Artificial intelligence (AI) is increasingly deployed in commercial situations. Consider for example using AI to set prices of insurance products to be sold to a particular customer. There are legitimate reasons for setting different prices for different people, but it may also be profitable to ‘game’ their psychology or willingness to shop around.
The AI has a vast number of potential strategies to choose from, but some are unethical – by which researchers mean, from an economic point of view, that there is a risk that stakeholders will apply some penalty, such as fines or boycotts, if they subsequently understand that such a strategy has been used. Such penalties can be huge: although these happened too early for an AI to be involved, the penalties levied on banks for misconduct are currently estimated to be over $276 billion.
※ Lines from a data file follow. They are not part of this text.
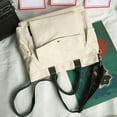 thumbnail image 4 of Stylago Women Canvas Tote Purses Students Button Crossbody Bag Adjustable Strap Shoulder Bags for Ladies Travel Shopping Camping Black, 4 of 5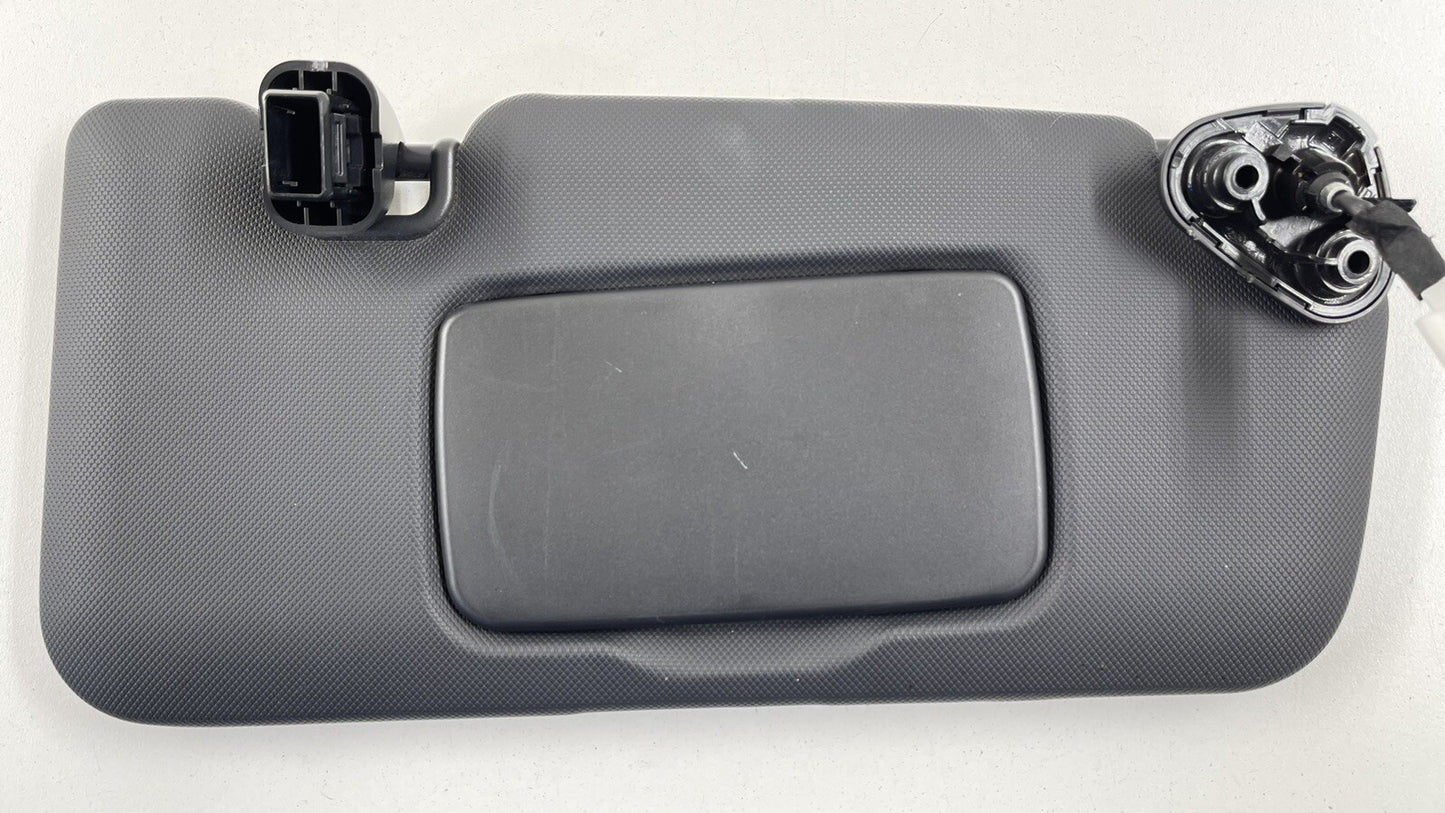 22-23 SUBARU WRX PASSENGER RIGHT FRONT SUNVISOR SUN VISOR SHADE BLACK OEM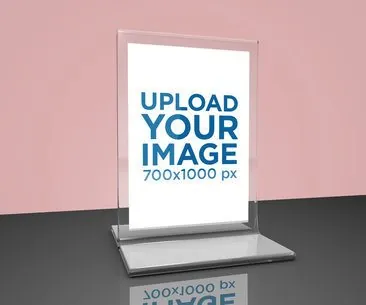Suport meniu T din plexiglas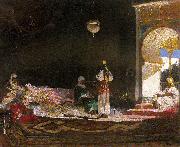 Harem Scene Jean-Joseph Benjamin-Constant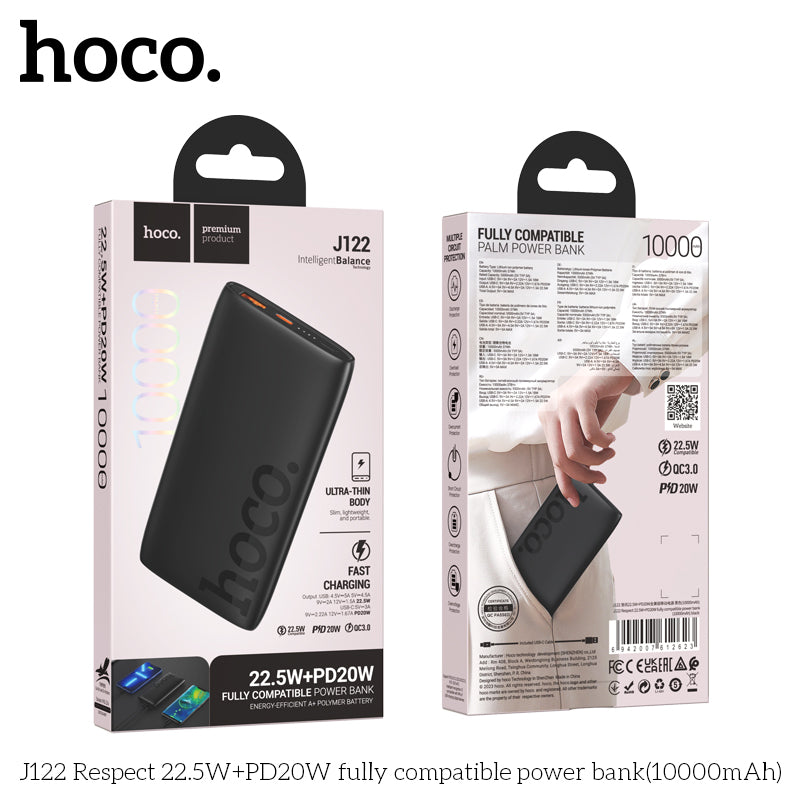 HD_SYNC:J122 Respect 22.5W+PD20W fully compatible power bank(10000mAh)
In an environment in which decisions are increasingly made without human intervention, there is therefore a strong incentive to know under what circumstances AI systems might adopt unethical strategies. Society and governments are closely engaged in such issues. Principles for ethical use of AI have been adopted at national and international levels and the area of AI ethics is one of very considerable activity. Recent work has proposed a framework for developing algorithms that avoid undesirable outcomes.
Ideally there would be no unethical strategies in the AI’s strategy space. But the best that can be achieved may be to have only a small fraction of such strategies being unethical. Unfortunately this runs up against the unethical optimization principle, which researchers formulate as: if an AI aims to maximize risk-adjusted return, then under mild conditions it is disproportionately likely to pick an unethical strategy unless the objective function allows sufficiently for this risk.